By Sebastian Ching
Life, as we live it, appears to us as a successive series of events. It is the asymmetry of this that prompts the deepest of our anxieties. Examining events on their own ignores the totality of one’s lived experience and identity. Examining events in the present fails to fully contextualise the past, and memory is frustratingly fickle. In truth, the past simply cannot stand on its own before us; we can only retroactively reconstruct it to make sense of our present. This is its own paradox: all events are determined in the past, but also such events can be subject to reimagination and reinterpretation. As such, we cannot truly revisit the past, nor can we glimpse into the future beyond the certainty that death is a predetermined event. Our shared fatalism is not a particularly thrilling prospect. We are trapped within a vague notion of the present, its current directing us nowhere.
Simply put, we live our lives without fully knowing how it will unfold. Unlike most stories that possess the comfortable trappings of a defined genre or narrative, we never know for certain whether the choices we make are the ones we should have or the ones that truly represent the force of our whims and desires.

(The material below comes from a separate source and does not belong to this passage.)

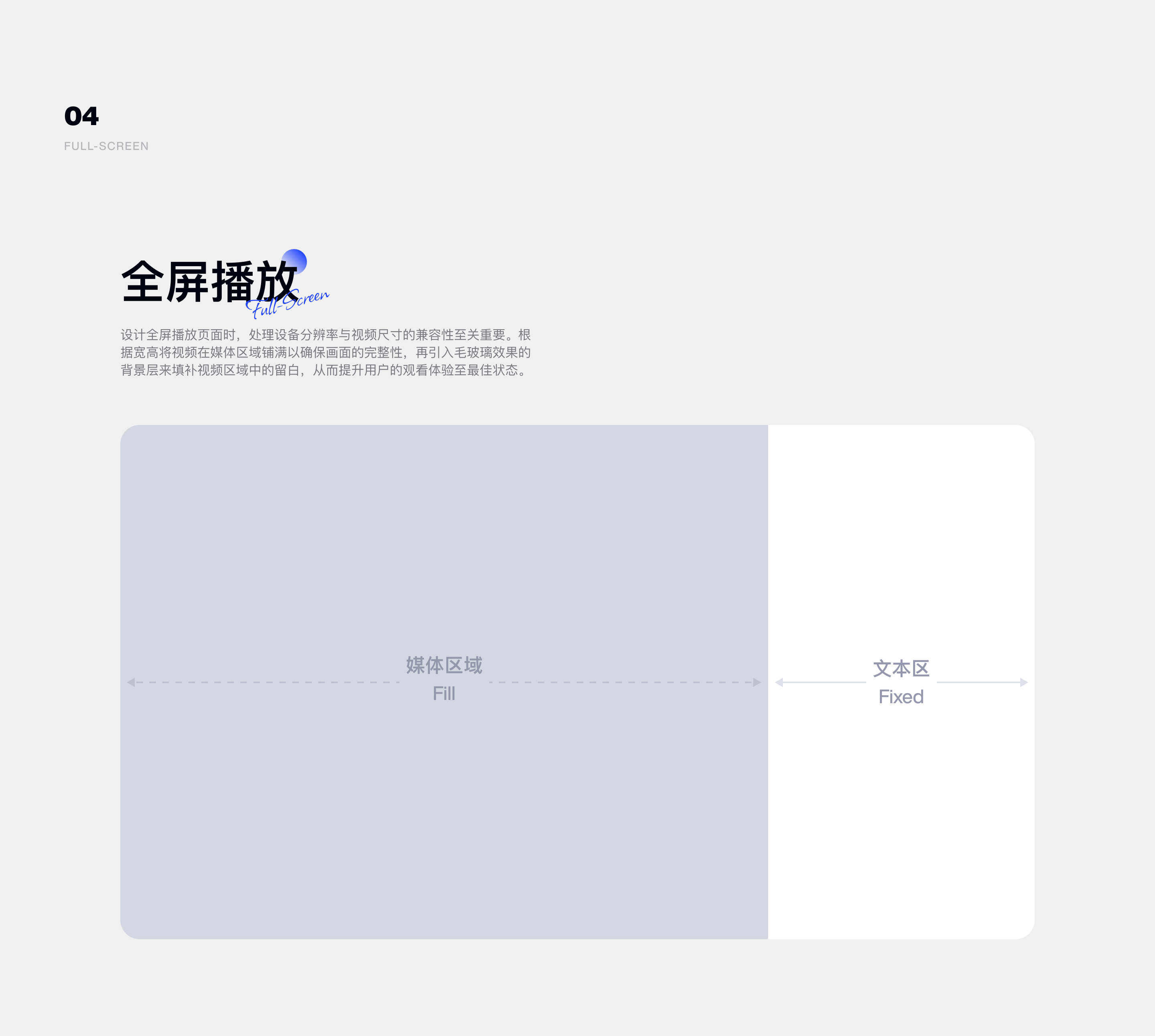 2021-2023 UI 作品集（图ZMzcyMDc4MTQ0） - 交互/UE - 站酷设计师Argo_22229原创素材 - 站酷ZCOOL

This anxiety has formed the basis for many a storied filmmaker’s attempts to push the limits of how film can portray our varied lived experiences, but it is the films of Wong Kar Wai that best capture the sense of alienation distinctly attributed to modernity. Oftentimes, the world moves so fast that one’s sense of time and memory gain a certain sense of fluidity, the visual representation of which is now synonymous with Wong and his frequent collaborator, cinematographer Christopher Doyle. I agree with these observations. These are stylistic and thematic elements present in all of Wong’s films. However, it is only when we appraise Wong’s filmography as a whole that we can truly appreciate what he is trying to achieve as an artist: to assemble the narrative of one’s lived experience and apprehend it in its totality. To do so, they must stand outside of the world they inhabit. Hence, Wong’s directorial and visual style is voyeuristic, intimate yet disconnected, characterised by a sense of lacking and yearning. It is then, a mischaracterisation if one simply considers his films to be sentimental or nostalgic. More precisely, they are an expression of grief, an inability to actualise and replicate the past within the present–to loop a single moment in eternity. Paradoxically, this is what a film can do.

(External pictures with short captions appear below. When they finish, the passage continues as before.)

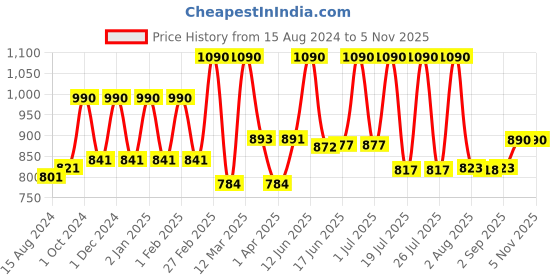 myntra.com Lotus Herbals Radiant Pearl Cellular 5 in 1 Facial Kit- 170g lotus herbals Price History Graph from 15 Aug 2024 to 2 Nov 2025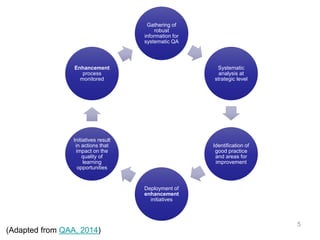 Gathering of
robust
information for
systematic QA
Systematic
analysis at
strategic level
Identification of
good practice
and areas for
improvement
Deployment of
enhancement
initiatives
Initiatives result
in actions that
impact on the
quality of
learning
opportunities
Enhancement
process
monitored
5
(Adapted from QAA, 2014)
 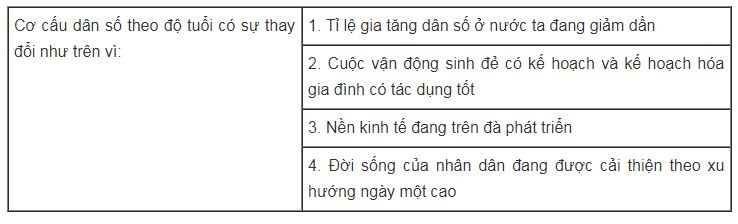 Bài tập địa lý 9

Hence, Wong’s characters become a representation of the liminal space the artist occupies. In the Mood for Love is a fatalist’s romance: As vivid as Mr. Chow and Mrs. Su’s feelings are for one another, they will never act on those feelings. Indeed, the question of whether a relationship founded on an attempt to reenact their spouses’ infidelity and betrayal can ever survive the transition into one built on sincerity. Their relationship could have flourished, had they discovered one another after separation from their spouses. Instead, they find themselves in a twisted facsimile of a relationship. This tension between possibility, loss, and the passage of time is a topic continuously revisited by Wong throughout his work. Ashes of Time is a lamentation of lost love and opportunity. Its protagonist declares that once we experience the irreversible loss of another, the only thing we can do is to ensure we never forget them. Ironically, he remarks, that the more you intentionally try to forget someone, the less they recede from your mind. Your memory of them becomes ever more vivid.

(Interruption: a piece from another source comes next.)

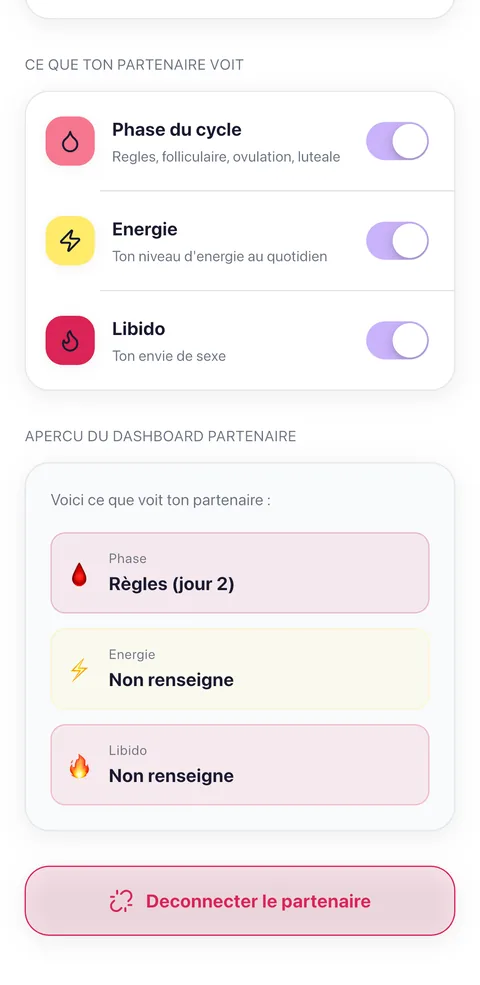 Écran partenaire de Meuf : choix de ce que le partenaire voit, phase du cycle, énergie et libido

The irreconcilability of creating a lasting connection amidst the currents of time is a constant theme throughout Wong’s work. This is perhaps singularly encapsulated in The Hand. It might also be the best expression of Wong’s filmography. A short film within the anthology film Eros, The Hand explores an unconventional romance between a courtesan and her tailor. Here the tailor cuts a lonely figure. Hunched alone in his workshop, the meticulous pattern cutting, shaping, and embroidery of his creations lend an air of unconsummated intimacy. Their relationship is an impossible one–the cause of their relationship is precisely what prevents its actualisation. They are left with only desire and imagination. Building up to a tragic and cathartic conclusion, The Hand is romantic to a fault.